> **TO DO**: This exercise asks for every line of the material that contains the word "large".

> **INPUT RECORDS**:
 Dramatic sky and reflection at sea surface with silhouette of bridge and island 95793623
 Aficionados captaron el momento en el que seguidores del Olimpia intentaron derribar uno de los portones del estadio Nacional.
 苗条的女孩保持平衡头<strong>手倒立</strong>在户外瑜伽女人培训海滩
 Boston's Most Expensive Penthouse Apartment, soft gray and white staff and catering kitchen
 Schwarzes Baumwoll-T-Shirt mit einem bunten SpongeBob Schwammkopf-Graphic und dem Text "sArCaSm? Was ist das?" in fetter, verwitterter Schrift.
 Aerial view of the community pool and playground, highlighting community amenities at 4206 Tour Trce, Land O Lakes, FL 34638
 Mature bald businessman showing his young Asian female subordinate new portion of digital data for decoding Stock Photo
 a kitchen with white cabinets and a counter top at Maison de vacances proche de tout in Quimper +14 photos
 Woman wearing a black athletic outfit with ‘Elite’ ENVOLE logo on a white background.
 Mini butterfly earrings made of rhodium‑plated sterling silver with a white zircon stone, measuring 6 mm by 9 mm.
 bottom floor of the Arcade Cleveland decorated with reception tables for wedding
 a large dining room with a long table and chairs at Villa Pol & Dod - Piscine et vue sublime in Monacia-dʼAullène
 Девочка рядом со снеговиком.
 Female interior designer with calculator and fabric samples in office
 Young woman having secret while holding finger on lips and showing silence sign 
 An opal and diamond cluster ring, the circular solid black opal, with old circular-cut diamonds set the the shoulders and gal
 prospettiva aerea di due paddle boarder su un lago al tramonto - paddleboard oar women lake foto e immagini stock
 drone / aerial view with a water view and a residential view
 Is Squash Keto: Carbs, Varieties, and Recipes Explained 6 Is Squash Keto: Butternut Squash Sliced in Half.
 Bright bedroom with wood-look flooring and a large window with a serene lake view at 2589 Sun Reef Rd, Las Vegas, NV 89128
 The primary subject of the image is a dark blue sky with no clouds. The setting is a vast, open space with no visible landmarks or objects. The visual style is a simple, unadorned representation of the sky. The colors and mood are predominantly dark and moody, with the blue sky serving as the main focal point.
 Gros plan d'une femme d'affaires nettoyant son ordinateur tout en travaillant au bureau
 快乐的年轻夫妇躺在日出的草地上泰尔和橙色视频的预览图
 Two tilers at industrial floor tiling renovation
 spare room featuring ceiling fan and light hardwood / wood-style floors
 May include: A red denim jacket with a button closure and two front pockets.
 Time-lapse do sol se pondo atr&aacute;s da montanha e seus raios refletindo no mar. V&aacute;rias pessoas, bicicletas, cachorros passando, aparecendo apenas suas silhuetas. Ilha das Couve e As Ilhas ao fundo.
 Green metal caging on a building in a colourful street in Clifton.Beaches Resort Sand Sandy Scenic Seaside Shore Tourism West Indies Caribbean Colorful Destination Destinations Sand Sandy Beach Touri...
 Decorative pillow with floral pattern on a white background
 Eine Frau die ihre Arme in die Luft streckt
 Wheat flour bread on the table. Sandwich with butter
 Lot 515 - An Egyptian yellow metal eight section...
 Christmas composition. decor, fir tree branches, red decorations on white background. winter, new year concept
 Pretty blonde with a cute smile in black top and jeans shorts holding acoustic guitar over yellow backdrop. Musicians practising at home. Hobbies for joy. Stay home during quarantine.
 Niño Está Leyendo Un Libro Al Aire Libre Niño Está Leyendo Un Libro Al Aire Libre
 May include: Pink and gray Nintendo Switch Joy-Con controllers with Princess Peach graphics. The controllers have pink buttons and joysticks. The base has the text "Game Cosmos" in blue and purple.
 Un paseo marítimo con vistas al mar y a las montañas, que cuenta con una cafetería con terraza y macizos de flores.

> **EXERCISE SOLUTION**:
 a large dining room with a long table and chairs at Villa Pol & Dod - Piscine et vue sublime in Monacia-dʼAullène
 Bright bedroom with wood-look flooring and a large window with a serene lake view at 2589 Sun Reef Rd, Las Vegas, NV 89128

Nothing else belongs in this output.